WORK ITEM - Each entry below should appear again exactly as written, without pictures.

Brief descriptive captions
**********

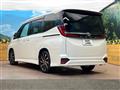 2023 Toyota Noah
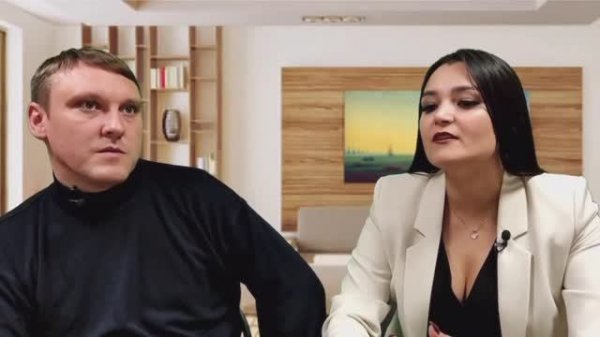 Нет время сделать Ctrl C Ctrl V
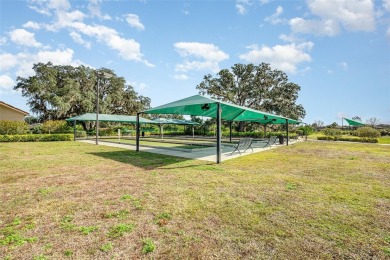 Limited time offer: 1 year Master Association HOA dues paid if on Ridgewood Lakes Golf and Country Club in Florida - for sale on GolfHomes.com, golf home, golf lot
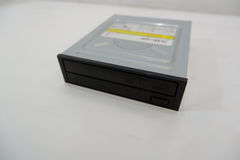 Привод DVD±RW NEC ND-4571A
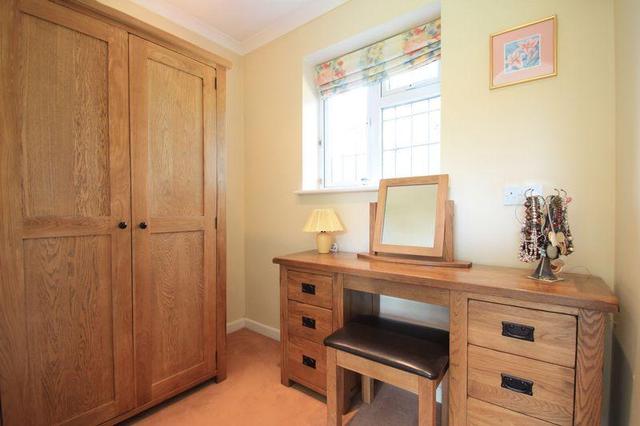  Image of 5 Bedroom Detached for sale at Newport Road, Stafford, Staffordshire
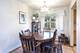 1320 Adeline, Aurora, IL 60505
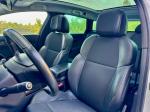 peugeot-508-2011-diesel-1997cc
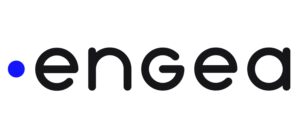 engea_Logo_Handwerker_finden_HdV_Handwerker_des_Vertrauens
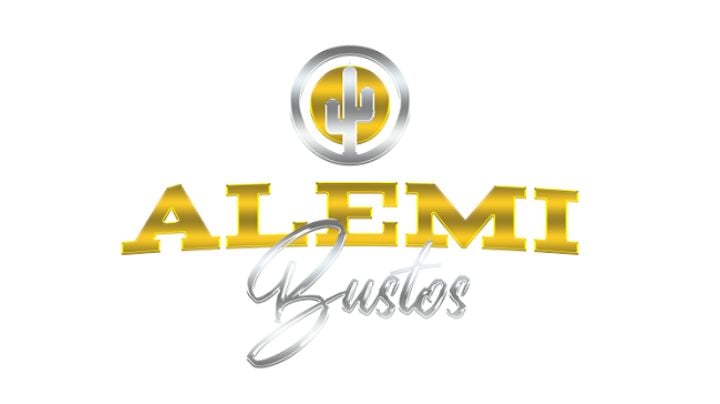 Alemi Bustos cancela su gira por salud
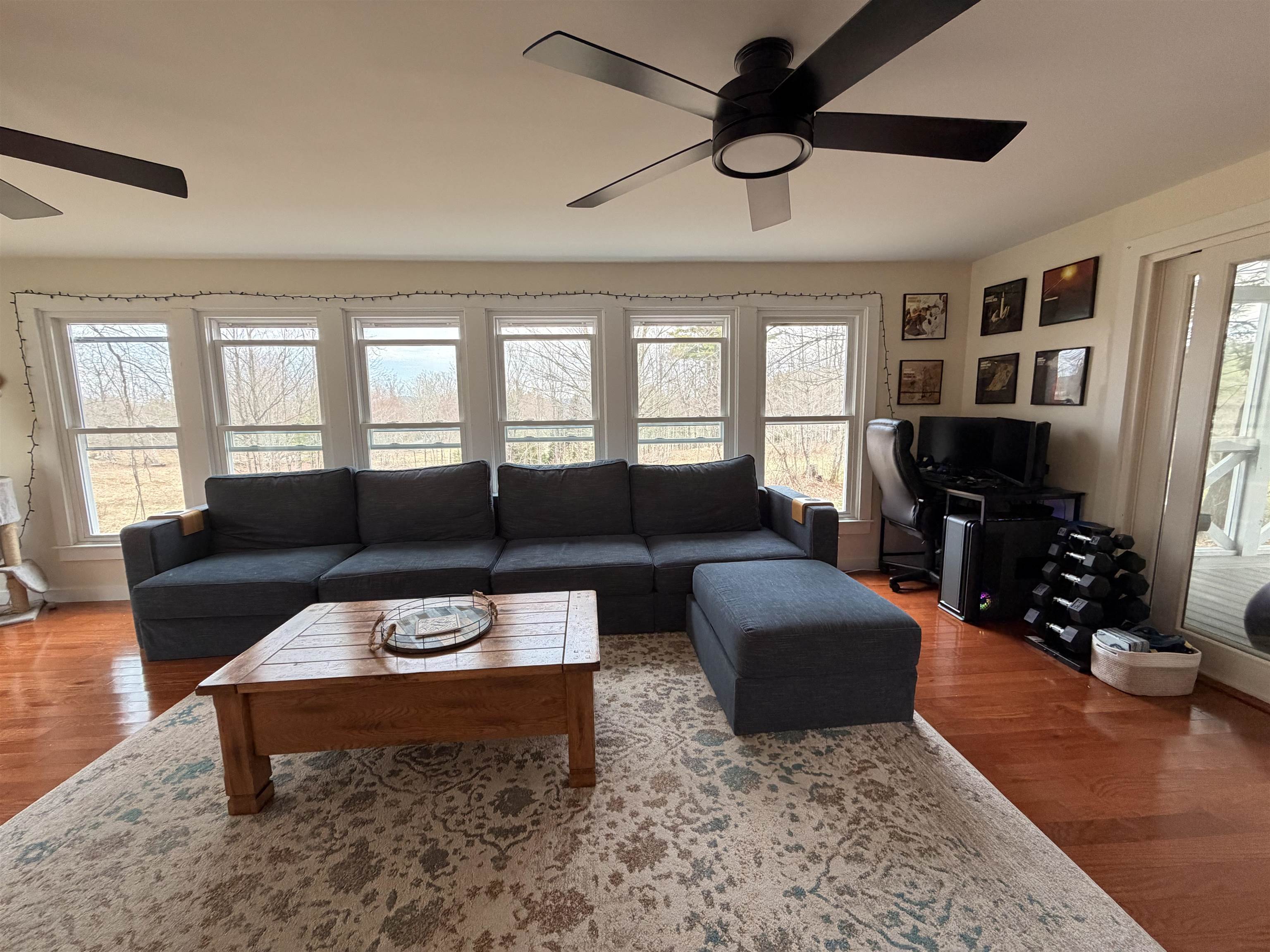 169 London Road Westmoreland, NH 03467 - Photo 29 of 60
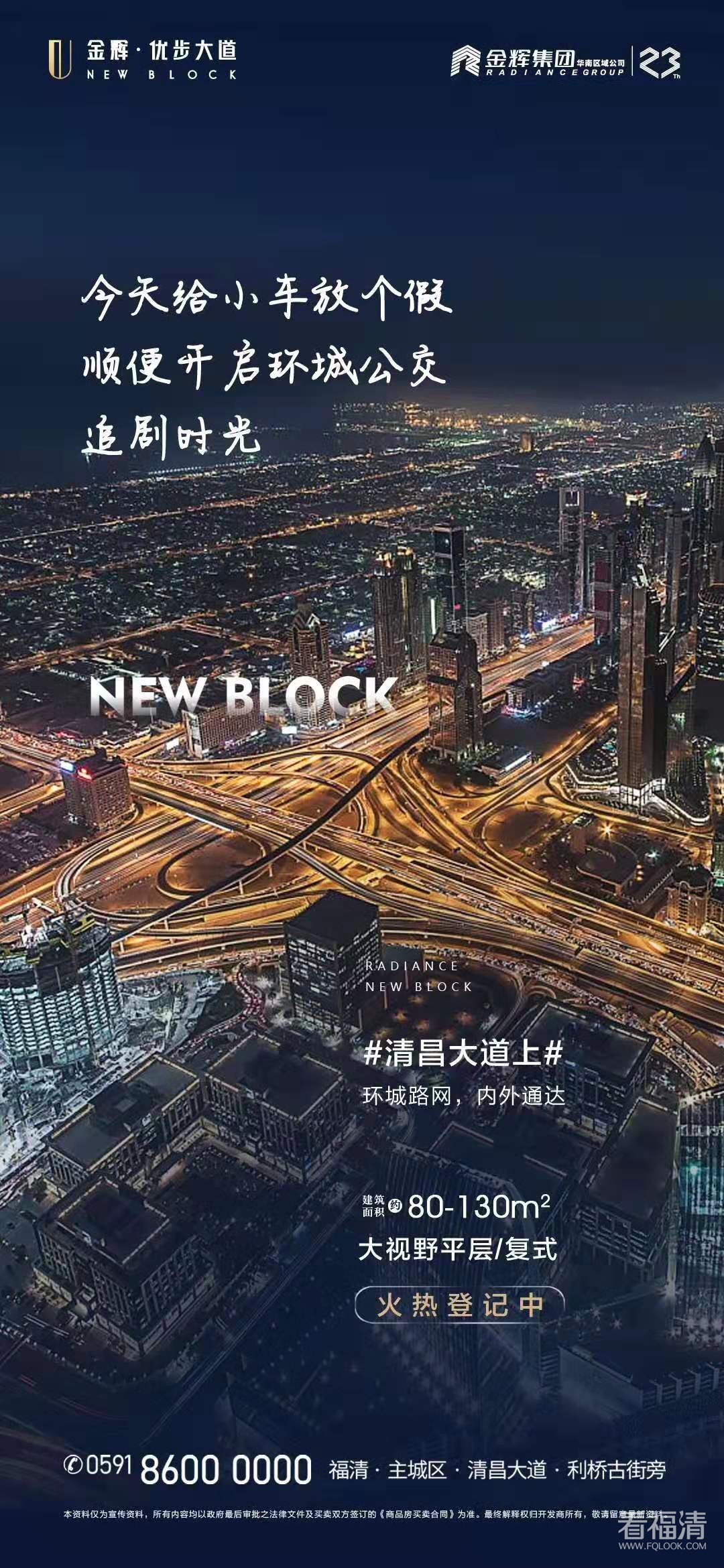 微信图片_20191029144214.jpg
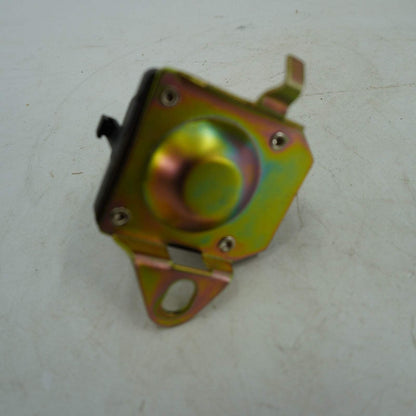For Ariens Trombetta 7cm-1241-212-51 Lawn Mower 05167200-12V Solenoid Valve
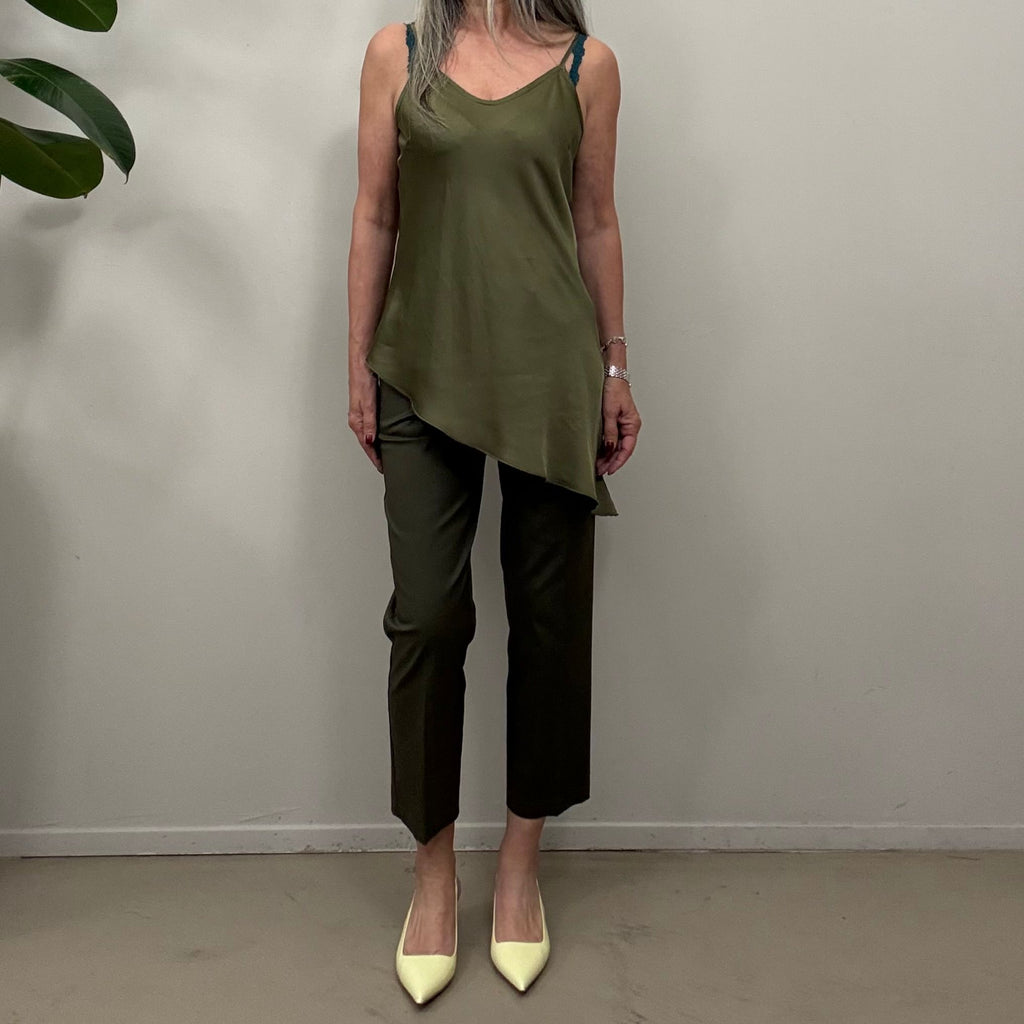 Pantalone Tensione in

**********

RESPONSE -
 2023 Toyota Noah
 Нет время сделать Ctrl C Ctrl V
 Limited time offer: 1 year Master Association HOA dues paid if on Ridgewood Lakes Golf and Country Club in Florida - for sale on GolfHomes.com, golf home, golf lot
 Привод DVD±RW NEC ND-4571A
  Image of 5 Bedroom Detached for sale at Newport Road, Stafford, Staffordshire
 1320 Adeline, Aurora, IL 60505
 peugeot-508-2011-diesel-1997cc
 engea_Logo_Handwerker_finden_HdV_Handwerker_des_Vertrauens
 Alemi Bustos cancela su gira por salud
 169 London Road Westmoreland, NH 03467 - Photo 29 of 60
 微信图片_20191029144214.jpg
For Ariens Trombetta 7cm-1241-212-51 Lawn Mower 05167200-12V Solenoid Valve
 Pantalone Tensione in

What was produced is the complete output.